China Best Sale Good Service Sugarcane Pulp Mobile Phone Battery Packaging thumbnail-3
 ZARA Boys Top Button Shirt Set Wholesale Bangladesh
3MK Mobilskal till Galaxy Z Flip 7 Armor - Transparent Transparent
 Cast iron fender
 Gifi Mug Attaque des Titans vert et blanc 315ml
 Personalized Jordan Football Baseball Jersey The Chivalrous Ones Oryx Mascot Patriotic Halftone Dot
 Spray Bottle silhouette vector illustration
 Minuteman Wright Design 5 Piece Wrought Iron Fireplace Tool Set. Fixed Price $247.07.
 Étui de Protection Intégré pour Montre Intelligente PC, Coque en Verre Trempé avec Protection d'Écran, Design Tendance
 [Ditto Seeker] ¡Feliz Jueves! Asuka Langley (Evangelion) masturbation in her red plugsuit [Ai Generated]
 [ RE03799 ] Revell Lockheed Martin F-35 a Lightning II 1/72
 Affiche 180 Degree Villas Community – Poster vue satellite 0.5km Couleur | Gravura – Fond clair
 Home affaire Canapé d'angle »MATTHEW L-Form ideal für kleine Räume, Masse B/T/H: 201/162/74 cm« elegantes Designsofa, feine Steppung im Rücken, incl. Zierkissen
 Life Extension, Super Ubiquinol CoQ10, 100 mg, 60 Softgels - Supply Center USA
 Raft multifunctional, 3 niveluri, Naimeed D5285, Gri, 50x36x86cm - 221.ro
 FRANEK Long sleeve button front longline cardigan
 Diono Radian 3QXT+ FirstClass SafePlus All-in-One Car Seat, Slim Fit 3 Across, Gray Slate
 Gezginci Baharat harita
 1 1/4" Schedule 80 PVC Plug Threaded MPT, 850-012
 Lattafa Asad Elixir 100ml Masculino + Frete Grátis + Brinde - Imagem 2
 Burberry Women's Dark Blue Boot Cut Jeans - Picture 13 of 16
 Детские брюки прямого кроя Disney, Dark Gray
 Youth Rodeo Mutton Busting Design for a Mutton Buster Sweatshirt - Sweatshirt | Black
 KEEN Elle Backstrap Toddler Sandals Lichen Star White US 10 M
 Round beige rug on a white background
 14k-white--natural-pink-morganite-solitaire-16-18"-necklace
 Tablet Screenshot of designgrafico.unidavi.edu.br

WHAT TO DO
When you reach the line holding "Cast iron fender" in the records above, begin reproducing exactly, stop after the line holding "Lattafa Asad Elixir", and output nothing else.

FINISHED EXERCISE
 Cast iron fender
 Gifi Mug Attaque des Titans vert et blanc 315ml
 Personalized Jordan Football Baseball Jersey The Chivalrous Ones Oryx Mascot Patriotic Halftone Dot
 Spray Bottle silhouette vector illustration
 Minuteman Wright Design 5 Piece Wrought Iron Fireplace Tool Set. Fixed Price $247.07.
 Étui de Protection Intégré pour Montre Intelligente PC, Coque en Verre Trempé avec Protection d'Écran, Design Tendance
 [Ditto Seeker] ¡Feliz Jueves! Asuka Langley (Evangelion) masturbation in her red plugsuit [Ai Generated]
 [ RE03799 ] Revell Lockheed Martin F-35 a Lightning II 1/72
 Affiche 180 Degree Villas Community – Poster vue satellite 0.5km Couleur | Gravura – Fond clair
 Home affaire Canapé d'angle »MATTHEW L-Form ideal für kleine Räume, Masse B/T/H: 201/162/74 cm« elegantes Designsofa, feine Steppung im Rücken, incl. Zierkissen
 Life Extension, Super Ubiquinol CoQ10, 100 mg, 60 Softgels - Supply Center USA
 Raft multifunctional, 3 niveluri, Naimeed D5285, Gri, 50x36x86cm - 221.ro
 FRANEK Long sleeve button front longline cardigan
 Diono Radian 3QXT+ FirstClass SafePlus All-in-One Car Seat, Slim Fit 3 Across, Gray Slate
 Gezginci Baharat harita
 1 1/4" Schedule 80 PVC Plug Threaded MPT, 850-012
 Lattafa Asad Elixir 100ml Masculino + Frete Grátis + Brinde - Imagem 2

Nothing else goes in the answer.